/OCR

A simple OCR to recognize Upper and Lower case English alphabets

Primary LanguagePythonMIT LicenseMIT

OCR

A simple OCR to recognize Upper and Lower case English alphabets

Dataset

It consists of upper and lower case alphabets. Each having almost 200 image samples. And Each sample is written in a different font.

Method

Preprocessing

  • Binarization - The images are binarized, i.e., the pixel intensities are converted to either 0 or 1, depending on whether they are greater than or less than a particular threshold [here it is 15].

  • Zoning - The binarized images are then processed for feature extraction. It is done by zoning technique.
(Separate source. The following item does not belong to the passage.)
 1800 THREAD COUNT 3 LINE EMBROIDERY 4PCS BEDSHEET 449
Where in the images are divided into small blocks [like a grid] and then the number of one's in each block is calculated.
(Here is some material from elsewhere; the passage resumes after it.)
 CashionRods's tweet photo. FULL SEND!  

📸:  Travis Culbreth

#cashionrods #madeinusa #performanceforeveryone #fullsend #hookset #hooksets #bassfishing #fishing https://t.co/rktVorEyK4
    For example, In this case, the images are divided into 16 blocks [4x4 grid]. The list of number of one's from these blocks forms the feature vector for the neural network.

Training the Neural network

  • Network configuration [1 hidden layer]
    • Input nodes - 16
    • Hidden nodes - 30
    • Output nodes - 26

Note - The number of nodes in input layer should be equal to the size of a feature vector.

  • Training The data is divided into Training [90%] and Testing sets [10%]. The network is trained on the training set and its accuracy is measure on the Testing sets.

Results

  • The results are logged in the zoning_log.txt file Highest Accuracy achieved by tweaking the parameters is 82.36%